Una raccolta di generi alimentari fissata per il 15 novembre prossimo in concomitanza con la Giornata Mondiale dei Poveri. L'iniziativa nasce in Ucraina dalla Chiesa greco-cattolica.

Non un episodio isolato

Durante un recente incontro online con i sacerdoti dell’Arcieparchia di Kyiv,  l’arcivescovo maggiore di Kyiv-Halyč e capo della Chiesa greco-cattolica ucraina, Sviatoslav Shevchuk, ha dichiarato che si tratta di "una iniziativa che necessità di continuità. Non deve essere un episodio isolato, ma un’occasione per rilanciare e sostenere il servizio di assistenza per i più bisognosi soprattutto nelle parrocchie”. Secondo Padre Volodymyr Chorniy, responsabile del servizio sociale dell’Arcieparchia di Ivano-Frankivsk e Direttore della Caritas locale, “l’iniziativa è quanto mai opportuna soprattutto in questo momento. Il Covid ha impedito a tanti ristoratori di lavorare e per questo hanno chiuso. Sono gli stessi operatori del settore che donavano cibo alle nostre mense”.

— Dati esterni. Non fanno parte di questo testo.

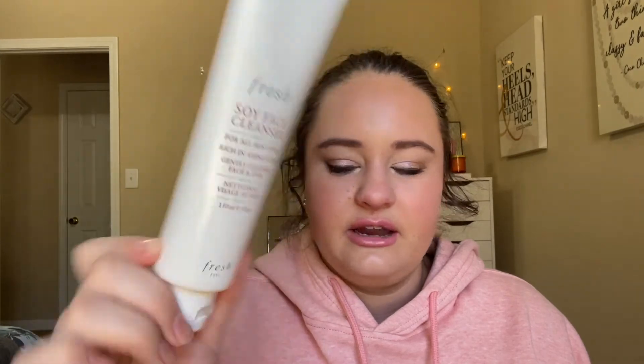We have my Fresh Soy Face Cleanser — we're even lower than before, right here. The last couple times I used this it was just like spitting out, so there's probably one use left in here. I should have just used this last night — I forgot I was filming today — but this will definitely be gone by next update.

Conflitto, Covid e condizioni climatiche avverse

Il direttore della Caritas, ha aggiunto che “le condizioni climatiche avverse, la siccità nell’est e le alluvioni nell’ovest dell’Ucraina, hanno messo in ginocchio l’agricoltura e tanti contadini hanno perso il raccolto, la loro fonte primaria di sostentamento". Inoltre, da sei anni il Paese vive in una situazione di conflitto e il numero di sfollati interni è sempre più alto. "Pensiamo con somma preoccupazione a come potranno affrontare l’inverno le fasce più deboli”. Per una istantanea della crisi, Padre Volodymyr Chorniy ha indicato la Caritas di Ivano-Frankivsk: “Prima della pandemia si affacciavano alla nostra mensa 120 persone al giorno. Oggi siamo arrivati ad una media di 230-260. Tra questi, molti nuovi disoccupati”.